** EXERCISE MATERIAL follows **

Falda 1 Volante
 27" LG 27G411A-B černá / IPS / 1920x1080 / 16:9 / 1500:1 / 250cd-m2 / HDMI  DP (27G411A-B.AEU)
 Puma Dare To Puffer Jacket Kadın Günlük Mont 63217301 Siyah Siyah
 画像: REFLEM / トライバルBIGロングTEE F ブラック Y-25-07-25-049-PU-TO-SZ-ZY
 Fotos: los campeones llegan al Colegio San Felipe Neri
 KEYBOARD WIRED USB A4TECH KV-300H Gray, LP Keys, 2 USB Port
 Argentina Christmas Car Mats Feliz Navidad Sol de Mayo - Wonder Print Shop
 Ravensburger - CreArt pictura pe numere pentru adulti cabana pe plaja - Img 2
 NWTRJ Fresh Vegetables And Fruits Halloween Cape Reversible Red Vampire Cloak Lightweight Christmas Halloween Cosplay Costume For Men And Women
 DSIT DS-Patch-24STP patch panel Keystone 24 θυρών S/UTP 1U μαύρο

** End of EXERCISE MATERIAL **

WHAT YOU NEED TO DO: Retype all of the entries. Keep each one exactly as written.

ANSWER BELOW:
Falda 1 Volante
 27" LG 27G411A-B černá / IPS / 1920x1080 / 16:9 / 1500:1 / 250cd-m2 / HDMI  DP (27G411A-B.AEU)
 Puma Dare To Puffer Jacket Kadın Günlük Mont 63217301 Siyah Siyah
 画像: REFLEM / トライバルBIGロングTEE F ブラック Y-25-07-25-049-PU-TO-SZ-ZY
 Fotos: los campeones llegan al Colegio San Felipe Neri
 KEYBOARD WIRED USB A4TECH KV-300H Gray, LP Keys, 2 USB Port
 Argentina Christmas Car Mats Feliz Navidad Sol de Mayo - Wonder Print Shop
 Ravensburger - CreArt pictura pe numere pentru adulti cabana pe plaja - Img 2
 NWTRJ Fresh Vegetables And Fruits Halloween Cape Reversible Red Vampire Cloak Lightweight Christmas Halloween Cosplay Costume For Men And Women
 DSIT DS-Patch-24STP patch panel Keystone 24 θυρών S/UTP 1U μαύρο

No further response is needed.